The feature is enabled by default and also sends details on which search queries children have typed in search engines like Bing, Yahoo and Google. Visited sites and used apps are displayed in an overview which allows parents to block either the app or site with a single mouse click.

On its website Microsoft explains the feature which it refers to as “Monitor your child’s device activity”. The email overview that shows what a child did on the computer is called an activity report.

On the page Microsoft writes, “the email summary gives you a lot of info about your child’s PC activities at a glance. But you can always delve into more details—and change permissions and other settings based on the activity info”.

Now with the games kids may be playing this might not be such a huge invasion of privacy, but surfing habits is a different matter. Children have an equal right to privacy as adults do, some Lesbian, Gay, Bisexual, Transgender (LGBT) organisations say.

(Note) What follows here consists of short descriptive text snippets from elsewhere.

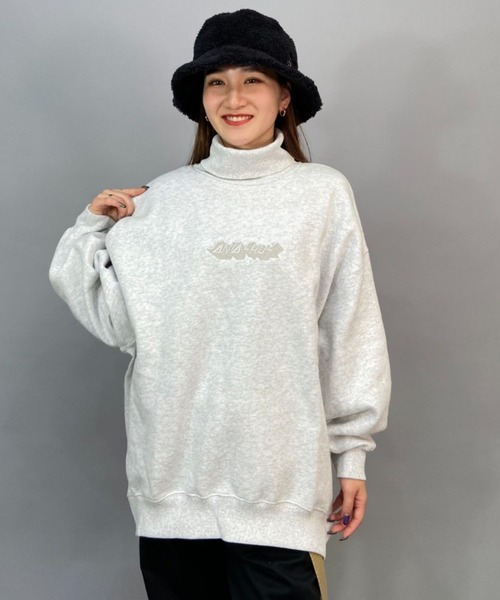 SANTA CRUZ（サンタクルーズ）の「【ムラサキスポーツ別注】SANTACRUZ/サンタクルーズ  ビッグシルエット/オーバーサイズ/無地ワンポイントロゴタートルネックスウェット   502223335（スウェット・レディース・ブルー/グレー/ブラック/レッド・L/M）」の15枚目の写真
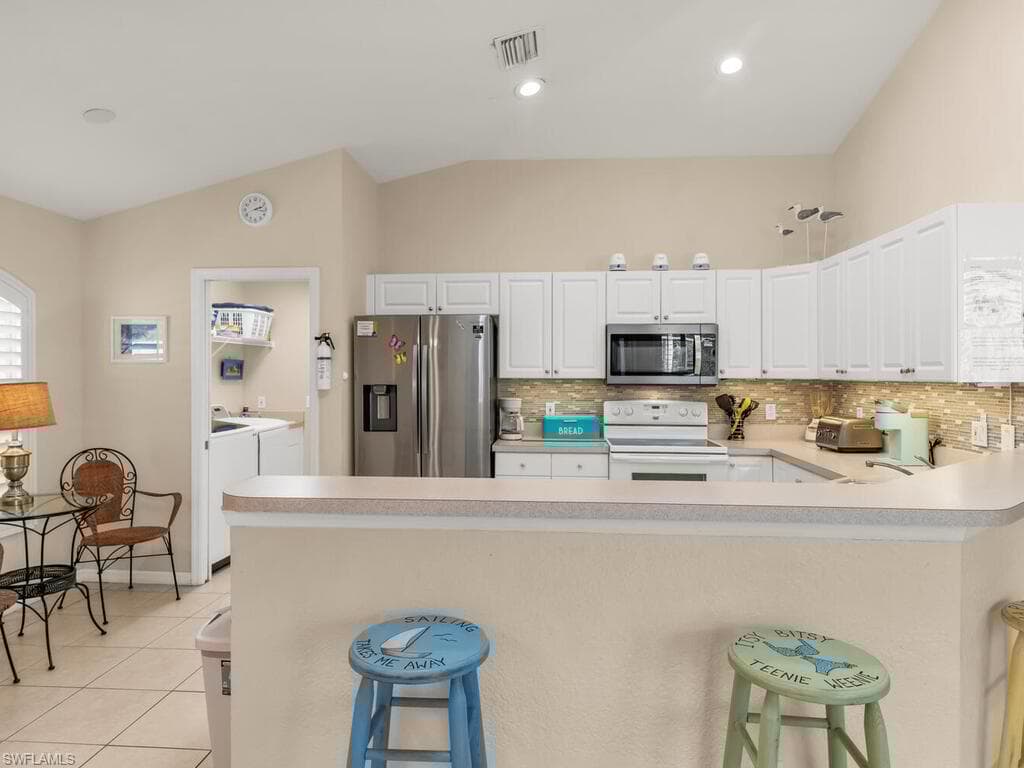 1021 Briarwood Blvd, Naples, FL 34104-9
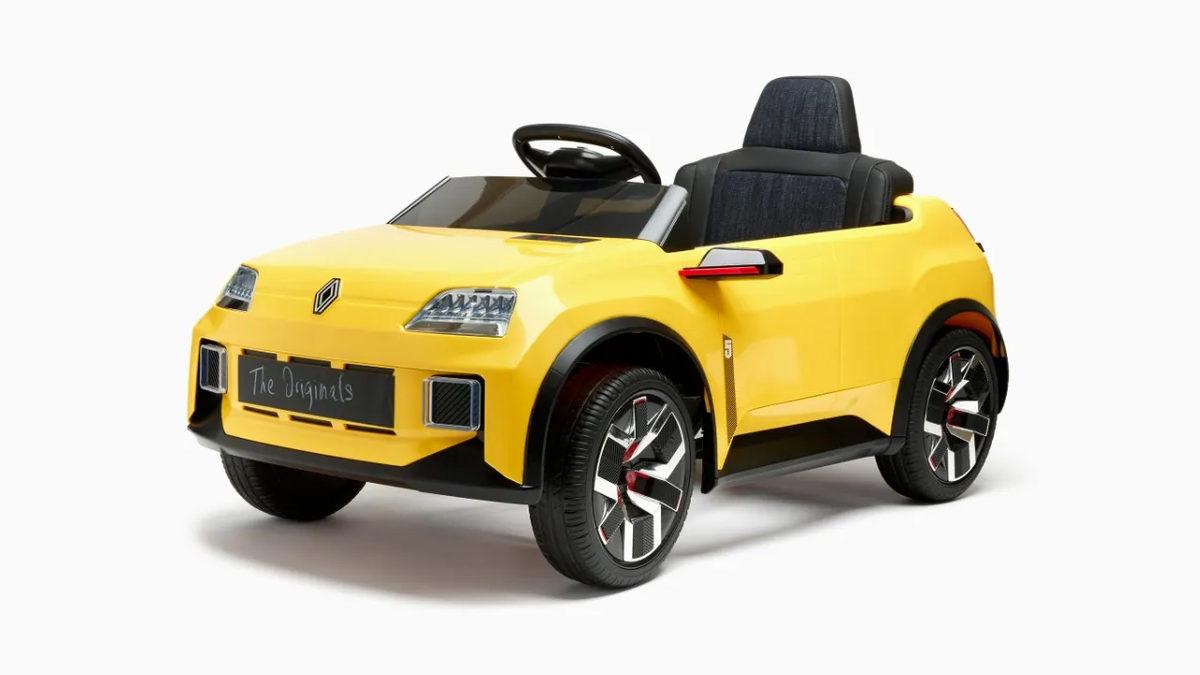 Renault, 5 E-Tech Electric Temalı Retro Görünümlü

Children may surf to LGBT related websites with questions or seeking help. Teens or young adults that have discovered their gender sexuality may not immediately want to inform their parents, for fear of being unaccepted. Exposing people in the LGBT community to the outside world that are not ready for it can simply be dangerous.

Parents that created a family account, but never wanted to spy on their children, found out about the option when they first received the overview mails. It was unclear to the parents and their children that the operating system tracked and stored everything happening on the computer. The concerned parents argue the feature violates the privacy of their children.